June is already here, and the quickness of it all amazes and exhausts me all at the same time.
School is coming to an end; all three of my children are growing and changing, and it’s taking this mama's breath away—how fast it is all going.
I remember as a child how slow time felt. An hour seemed like eternity and the summer long and languid. “Summer Vacation” was a long and winding road and the end was far out of sight. Sometimes I close my eyes and try to tap into that feeling. As I go through my busy I days I breathe that memory in an attempt to create a bit of space while I fill my days doing all that I do.
Creating space: that's what I'm exploring today—internal space, external space … my office, and so on.
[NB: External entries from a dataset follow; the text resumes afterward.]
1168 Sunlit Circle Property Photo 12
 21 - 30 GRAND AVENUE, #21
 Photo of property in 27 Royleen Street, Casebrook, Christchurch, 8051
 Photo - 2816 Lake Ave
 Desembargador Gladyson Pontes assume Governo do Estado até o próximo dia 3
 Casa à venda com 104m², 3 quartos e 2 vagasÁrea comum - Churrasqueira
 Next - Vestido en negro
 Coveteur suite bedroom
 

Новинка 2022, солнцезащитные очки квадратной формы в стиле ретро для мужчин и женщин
I’m letting a lot of things go right now, because this is one of the ways to create space. Let it go, let it fall away. All the beautiful blue glass bottles that I have been saving for a project I might do one day? Those are going into recycling this week, and it feels good. I have so much beauty on my plate already. The bottles can go, and the beauty is not affected. My creativity is not diminished, it is only clarified and concentrated more simply. The bottles take up space, and I need space right now. I can use it.
Last year at Annapurna Living, I brought the men in during the month of June. I am inspired by so many men. This year, this June, I am thrilled to be doing it again and asking the men to write what they want—where they are and what is coming through them. My stellar husband and partner Steven Roy has written a piece that I'm so excited to share; one that makes me ponder so very much. (Stay tuned this month to read it).
May this month be intentional for you. May you bring in what you love, what you need, and what you crave. Simply and gracefully, may you find space to breathe and to be yourself.